Feb. 2 also marked the final day of Janet Yellen’s reign as chair of the Federal Reserve. Upon her departure, she levied some parting words on the overstimulated markets for incoming chair Jerome Powell, her erstwhile No. 2, as she headed for her plum post as distinguished fellow in residence at the Brookings Institution.
After leaving the Eccles Building for the last time, she mused about market valuations to CNBC, “Well, I don’t want to say too high. But I do want to say high.” (She also said commercial real estate values were “quite high.”)
“Now, is that a bubble or is it too high?” she asked. “And there it’s very hard to tell. But it is a source of some concern that asset valuations are so high.”
So was that a dare to her successor? A challenge after her years of stock market rallies on the back of cheap-money policy?
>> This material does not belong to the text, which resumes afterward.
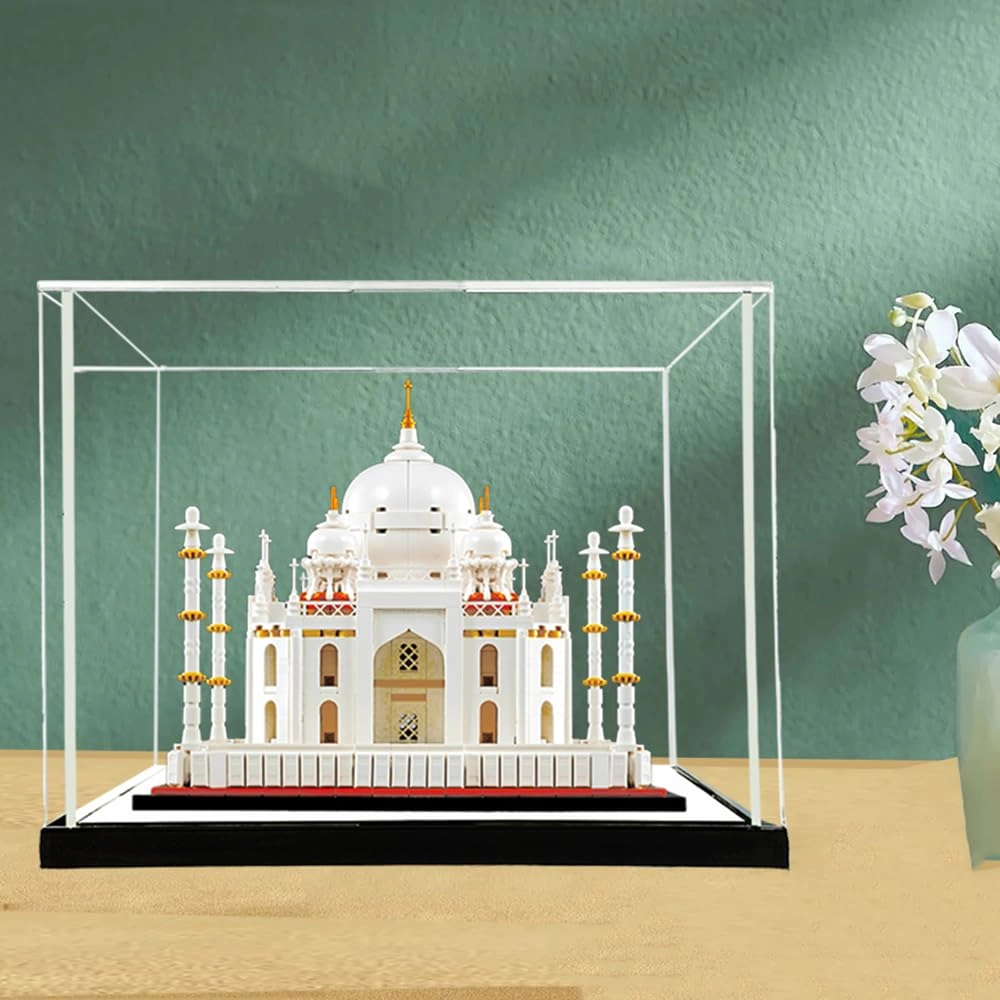 Display Case for Lego 21056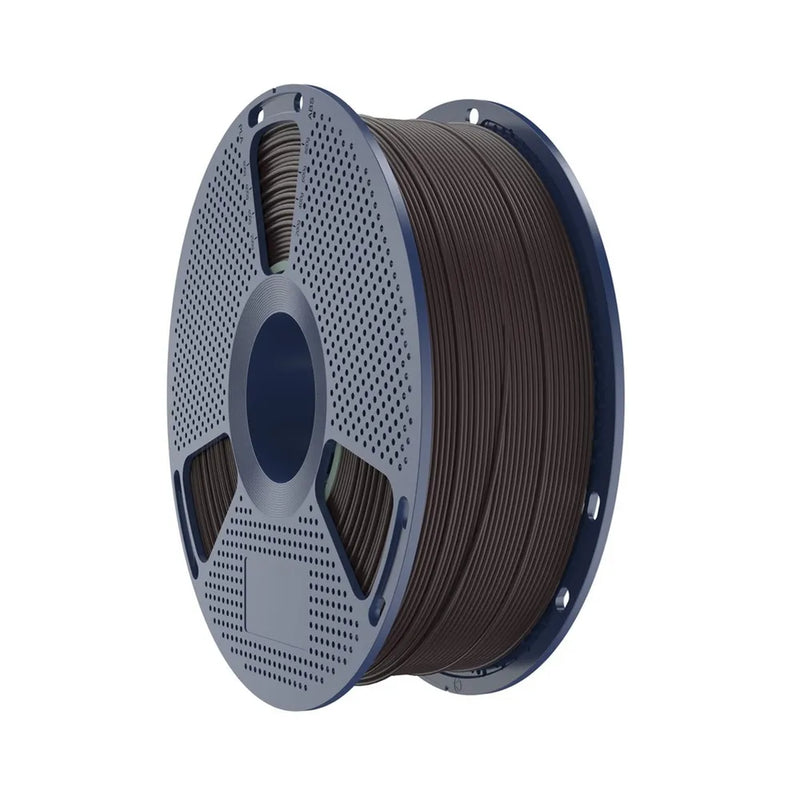 SUNLU High Speed ABS Roasted Chestnut Filament 1.75mm 1kg Roll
Or a sign to Wall Street to test Powell and make sure he remained aware that big bank trades, CEO bonuses and share buybacks depend on cheap money?
Or all of the above?
Never underestimate a woman scorned or a financial system facing reduced liquidity. But by the time the Dow had shed its 2018 gains, it was probably clear to Powell—though he didn’t say so—that the decade of cheap money crafted by the Fed, and dispersed through collusion among the world’s major central banks, is more powerful than any new head of any one central bank. More volatility will characterize this year, but these major central and private bankers will have one another’s backs. That means the global status quo of cheap money turboboosting the financial markets will continue, Elon Musk rocket style. It’s all these central bankers know.
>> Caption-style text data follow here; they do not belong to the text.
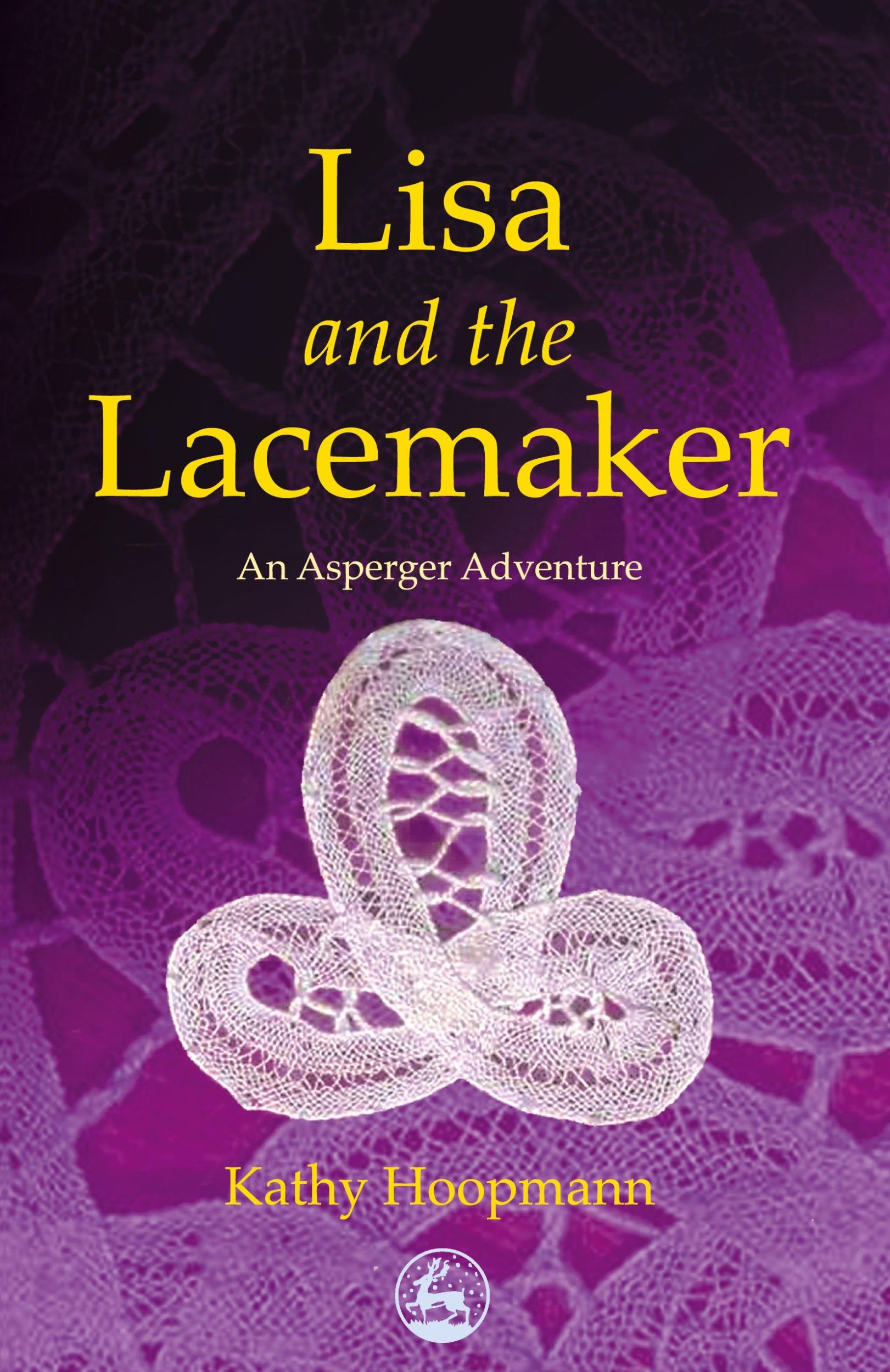 Cover: 9781843100713 | Lisa and the Lacemaker | Kathy Hoopmann | Taschenbuch | Englisch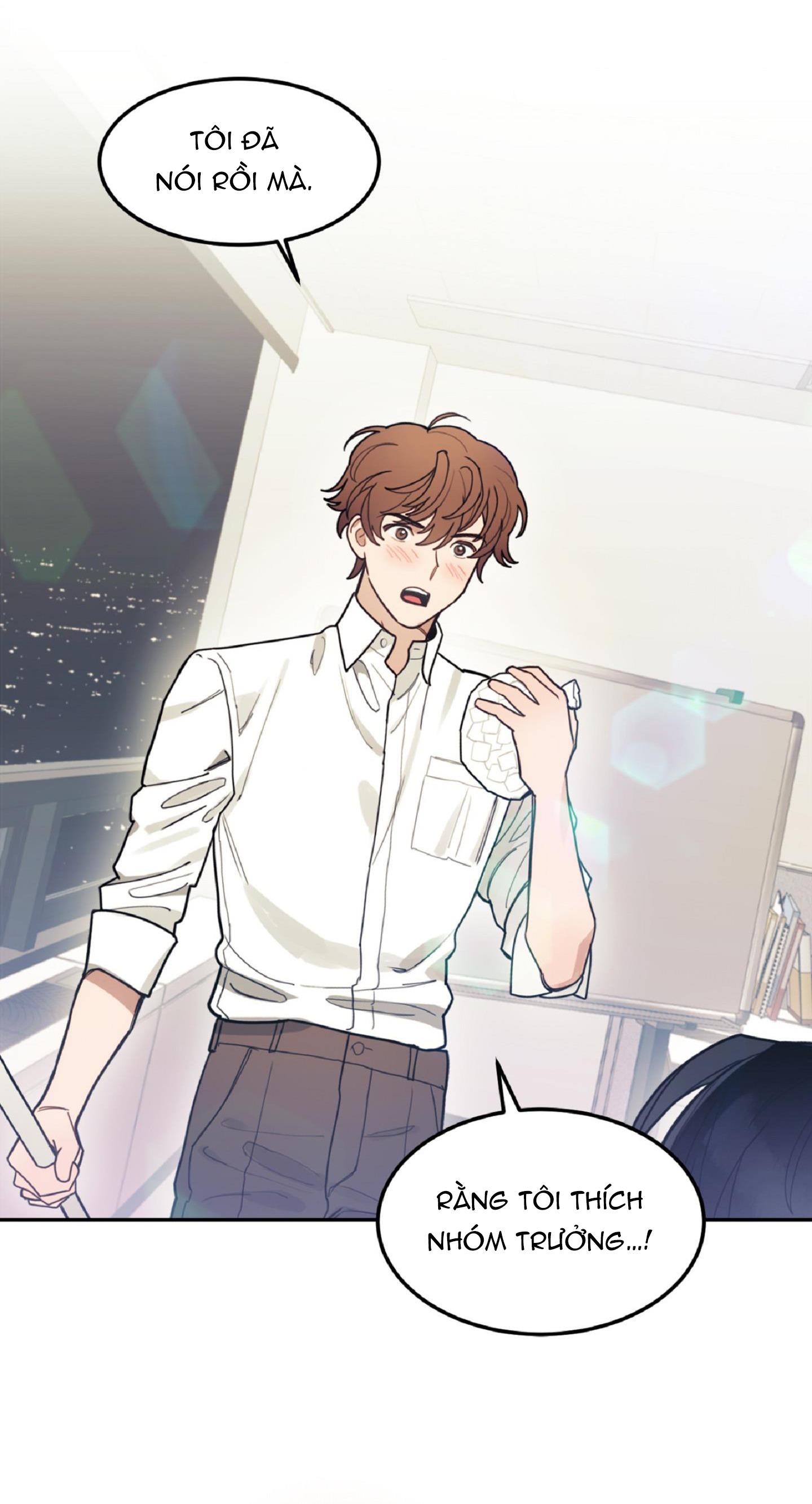 Lỗ Liên Kết Chapter 3 - Next Chapter 4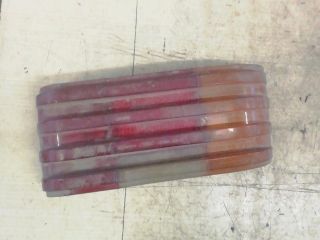 bontott MERCEDES-BENZ /8 Jobb Hátsó Lámpa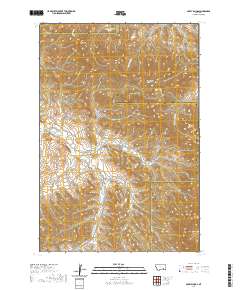 Sarpy School 2020 topographic map thumbnail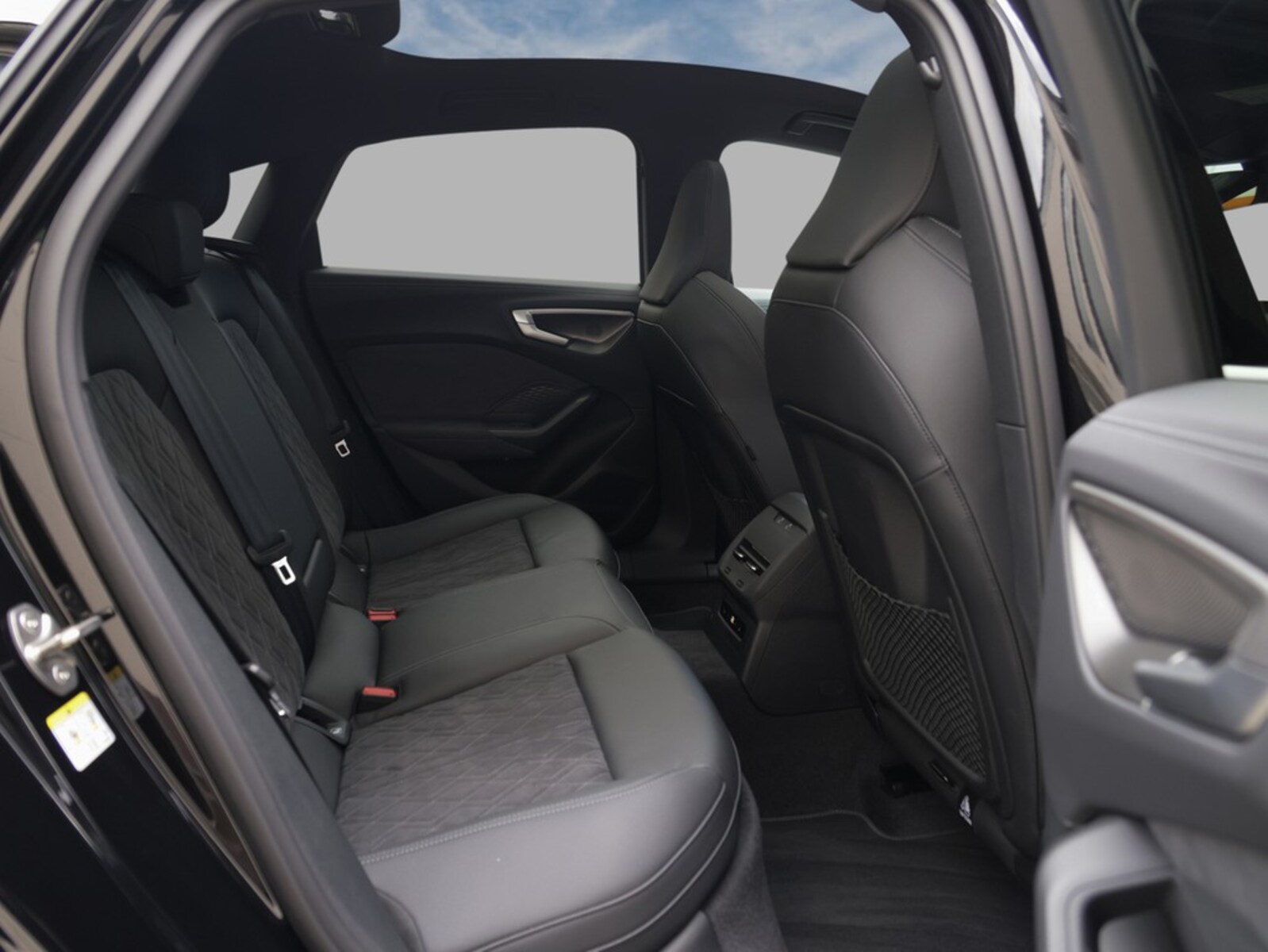 Audi S5 Limousine – Bild 13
At the helm of the Fed, Yellen kept the course set by her predecessor, Ben Bernanke, in the wake of the financial crisis of 2007-2008, albeit with some minimal interest rate hikes mixed in. The federal funds rate (the rate banks use to lend to each other) remained at 0 percent from December 2008 through December 2015 during the transition to her tenure.
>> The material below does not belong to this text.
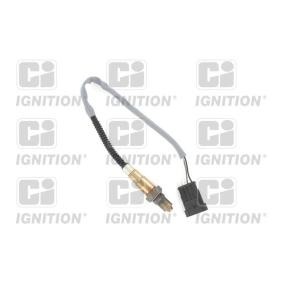 Lambdasonde XLOS1144 von QUINTON HAZELL günstig für 76,36 € online kaufen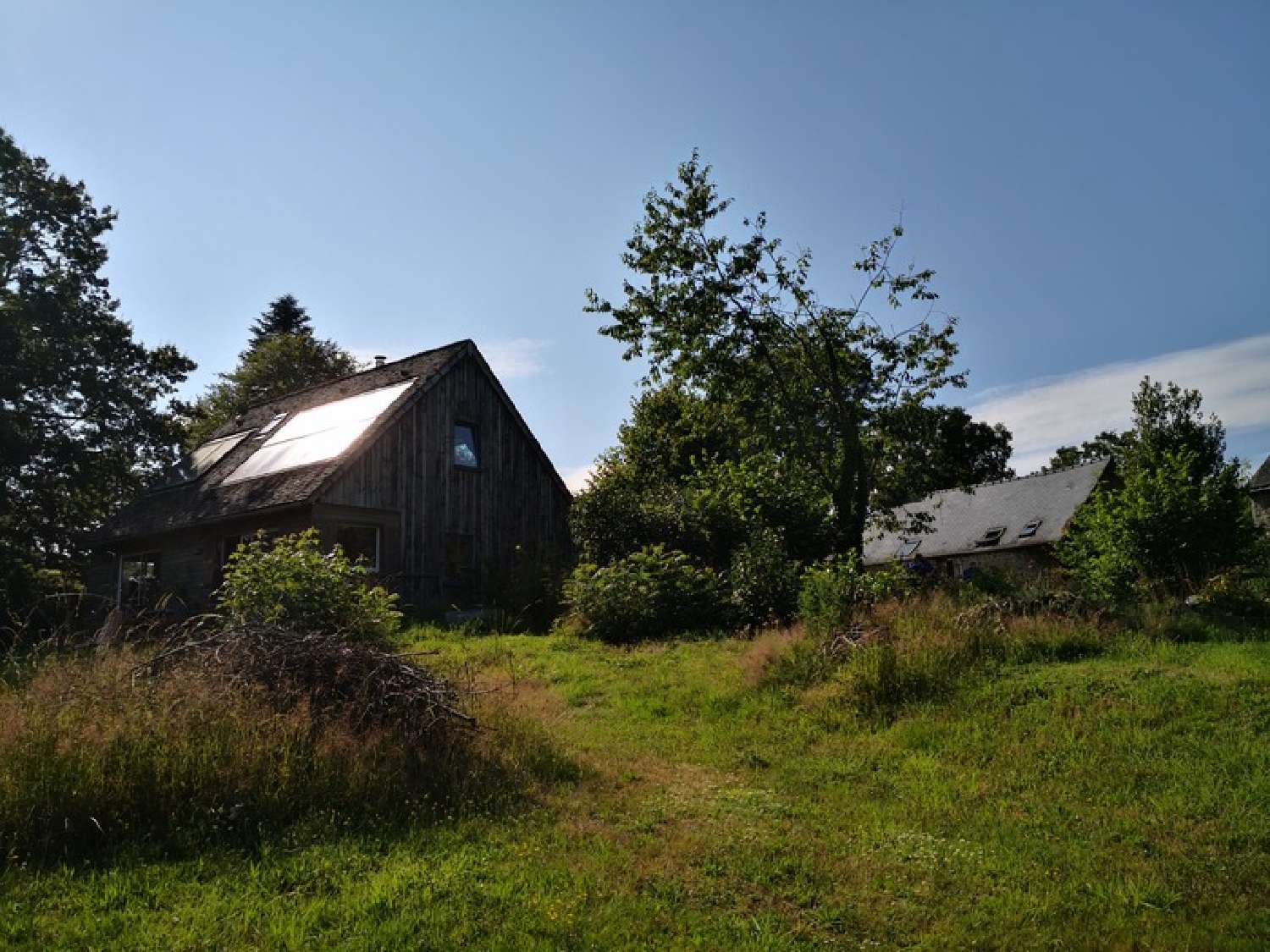  for sale estate Guéméné-sur-Scorff Morbihan 5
This unprecedented intervention that had begun under the “emergency” measures clause of the Federal Reserve Act was executed under the guise of fixing the economy. The S&P 500 tripled from its March 2009 bear-market lows, while wages did nothing of the sort.
In late 2015, the Fed increased the federal funds rate by 25 basis points (the smallest possible incremental change) to range between 0.25 percent and 0.50 percent. Since then, the federal funds rate has been raised four times, to today’s range of between 1.25 and 1.50 percent. At the end of 2017, the Fed forecast another 75 basis points of tightening, which would put the federal funds rate at 2.00-2.25 percent by the end of 2018.
In October, the Fed also announced it would start to shrink its $4.5 trillion book of assets grown under the process called quantitative easing, or QE, which also saw average global rates maintained at 0 percent. The Fed did this by not reinvesting interest payments in more bonds—the least active way of shrinking a book.
In practice, that reduction, given the size of the Fed’s book, has been unnoticeable, despite the associated promise that it was a sign the economy was growing and the decade-long artificial stimulation experiment had apparently—finally—worked.
Markets Find Calm From Central Bank-Speak
In his new job, Powell was visibly absent from the media regarding the volatility-filled second week of February. The week marked the worst in the past two years for U.S. equity markets.
On the surface of the prevailing stock market bubble, investors and speculators worried about inflation and related bond yields rising (or bond prices falling) causing the drop. In reality, these agents were concerned that, maybe, the cheap-money period was coming to an end. But every time this concern has appeared during the past decade, central bankers orchestrate a confluence of events to alleviate the fear. This instance was no different.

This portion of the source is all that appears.